It’s almost been one year since Apple announced its first ever wearable, the Apple Watch. Since its official release back in April, several individuals have experienced the convenience of the wearable. How might those with visual impairments reap the benefits of the watch too? AppleVis has provided a great directory of Apple Watch apps that are partially or fully accessible for the visually impaired.
According to AppleVis’s about page:
AppleVis is a rich resource that strives to empower the community by offering multiple pathways to access and share relevant and useful information.
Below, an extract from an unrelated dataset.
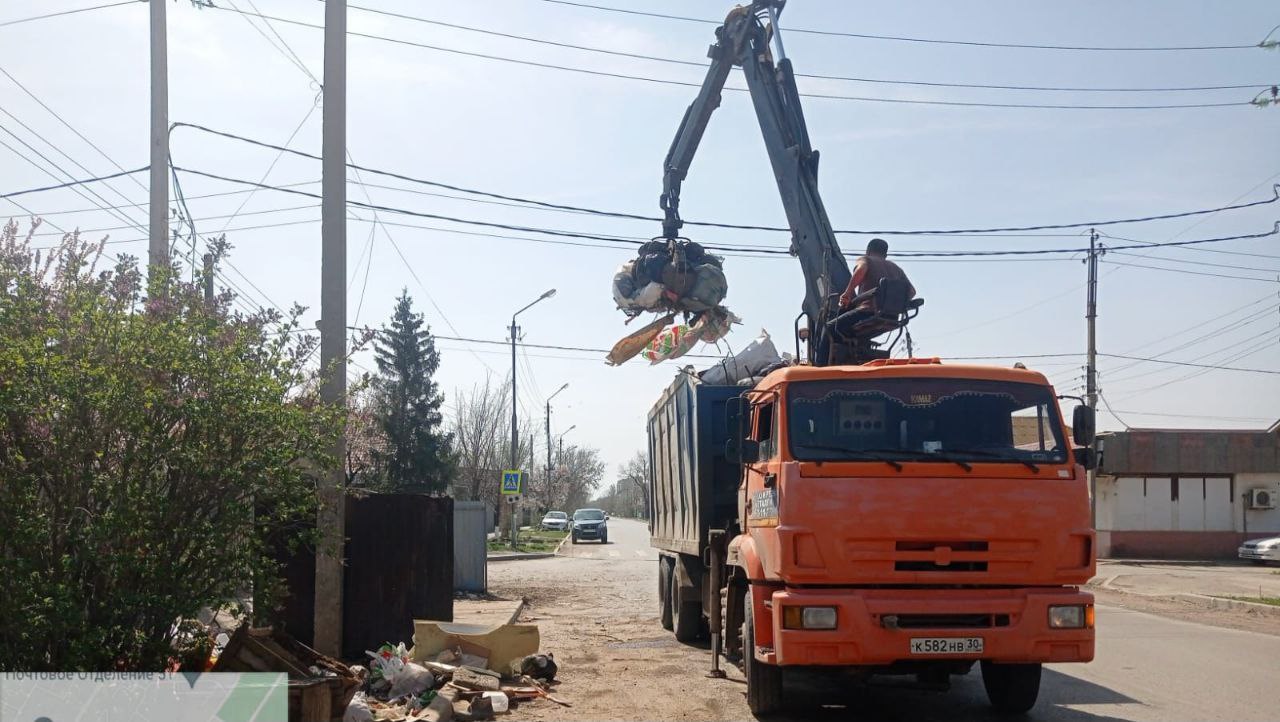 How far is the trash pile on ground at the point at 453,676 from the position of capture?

With this information, the vision-impaired become more informed consumers of these extremely popular mainstream products, and are better-equipped to access and enjoy the features and functionality that most sighted users take for granted.
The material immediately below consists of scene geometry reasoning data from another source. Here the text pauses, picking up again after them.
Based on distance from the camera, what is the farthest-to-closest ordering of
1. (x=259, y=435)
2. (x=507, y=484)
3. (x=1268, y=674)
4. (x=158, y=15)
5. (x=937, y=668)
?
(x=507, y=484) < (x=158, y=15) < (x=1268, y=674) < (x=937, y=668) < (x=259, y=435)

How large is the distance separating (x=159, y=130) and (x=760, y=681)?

There are many helpful resources available on the AppleVis website for the visually impaired, including podcasts, guides, forums and more covering Apple’s mainstream devices. There is also a directory of apps categorized by iOS devices, Mac, and most recently, apps for the Apple Watch.
5 Apple Watch Apps for the Visually Impaired:
1. Audio Memos
Audio Memos is noted as “partially accessible” on the AppleVis site. It is a high-quality audio recorder with an intuitive interface, making it easy to use for a majority of its users.
The author of the post on Audio Memos commented on the app’s accessibility: “All of the buttons in this app are unlabeled. VoiceOver reads ‘Audio Memos Pro’, followed by several unlabeled buttons and at least one element which VoiceOver doesn’t speak at all… The Glance is accessible, though it doesn’t appear to do much else other than show one how many memos they currently have in the app.”
QuickBooks Online is a “fully accessible” business app that allows you to “run your entire business with the #1 small business cloud accounting solution!” Within the app, visually impaired users will have complete access to the data within the glances and notifications, with the exception of graph images which are ignored by VoiceOver.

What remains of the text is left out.